Extended Data Fig. 4: Null models.
From: A distributional code for value in dopamine-based reinforcement learning

a, Classical TD plus noise does not give rise to the pattern of results observed in real dopamine data in the variable-magnitude task. When reversal points were estimated in two independent partitions there was no correlation between the two (P = 0.32 by linear regression). b, We then estimated asymmetric scaling of responses and found no correlation between this and reversal point (P = 0.78 by linear regression). c, Model comparison between ‘same’, a single reversal point, and ‘diverse’, separate reversal points.

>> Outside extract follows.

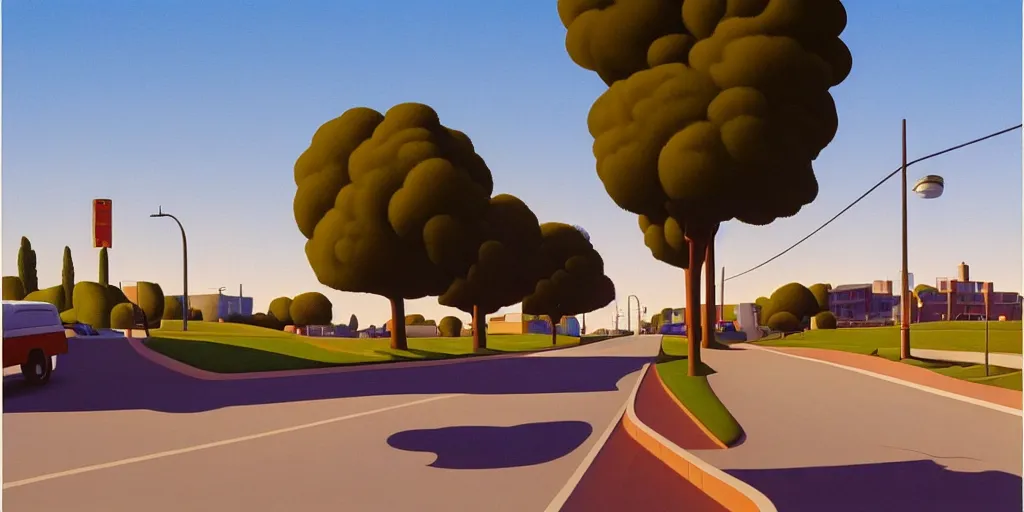 Prompt: a california street, blue sky, summer evening, kenton nelson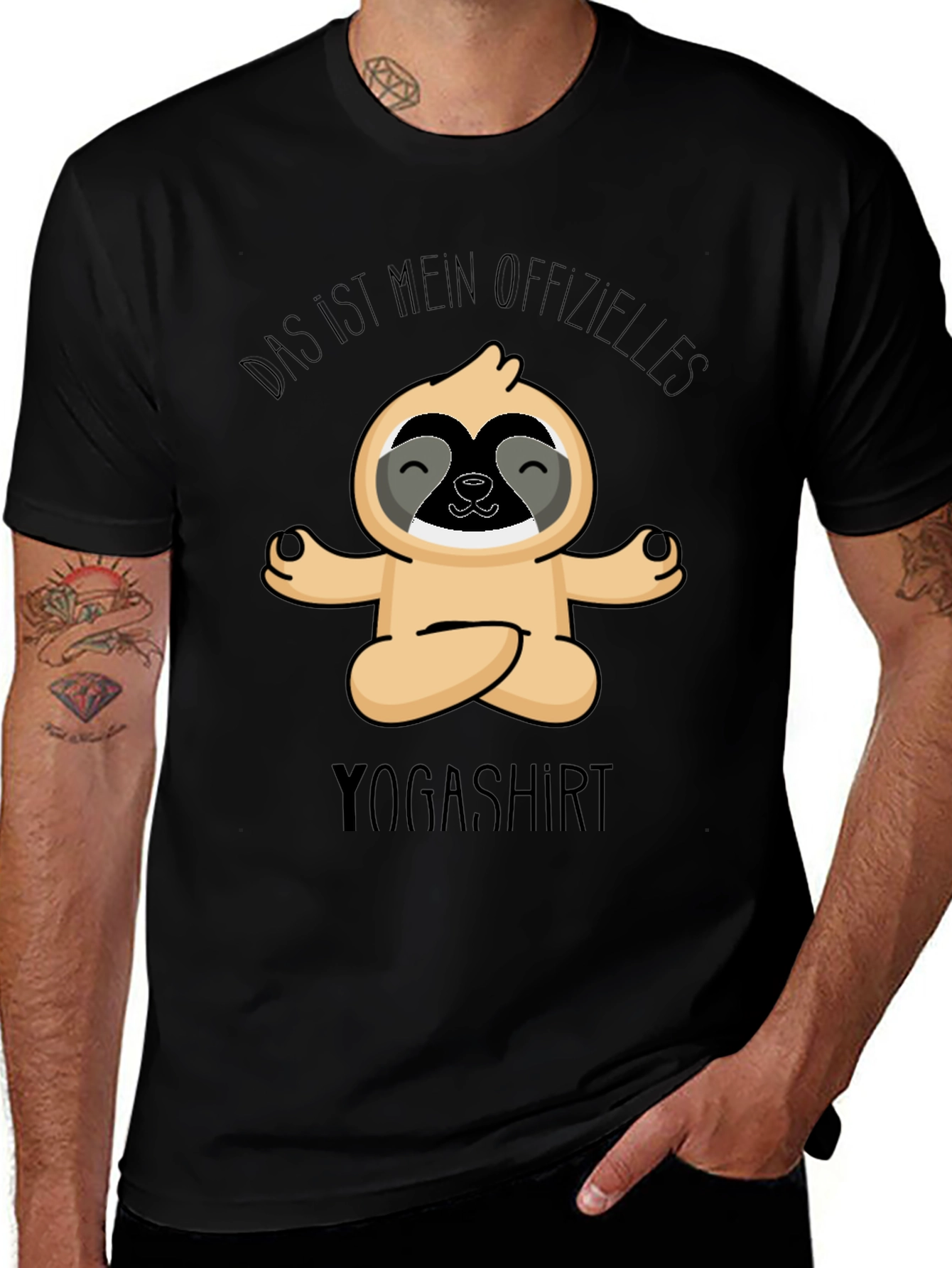 Variant 3 of Yoga Sloth T-Shirt - Relaxed Fit Black Tee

In both, the model is used to predict whether a held-out trial has a positive or negative response. d, Simulated baseline-subtracted RPEs, colour-coded according to the ground-truth value of bias added to that cell’s RPEs. e, Across all simulated cells, there was a strong positive relationship between pre-stimulus baseline firing and the estimated reversal point. f, Two independent measurements of the reversal point were strongly correlated. g, The proportion of simulated cells that have significantly positive (blue) or negative (red) responses showed no magnitudes with both positive and negative responses. h, In the simulation, there was a significant negative relationship between the estimated asymmetry of each cell and its estimated reversal point (opposite that observed in neural data). i, Diagram illustrating a Gaussian-weighted topological mapping between RPEs and value predictors. j, Varying the standard deviation of this Gaussian modulates the degree of coupling. k, In a task with equal chance of a reward 1.0 or 0.0, distributional TD with different levels of coupling shows robustness to the degree of coupling. l, When there is no coupling, a distributional code is not learned, but asymmetric scaling can cause spurious detection of diverse reversal points. m, Even though every cell has the same reward prediction they appear to have different reversal points. n, With this model, some cells may have significantly positive responses, and others significantly negative responses, in response to the same reward. o, But this model is unable to explain a positive correlation between asymmetric scaling and reversal points. p, Simulation of ‘synaptic’ distributional RL, in which learning rates but not firing rates are asymmetrically scaled. This model predicts diversity in reversal points between dopamine neurons. q, The model predicts no correlation between asymmetric scaling of firing rates and reversal point.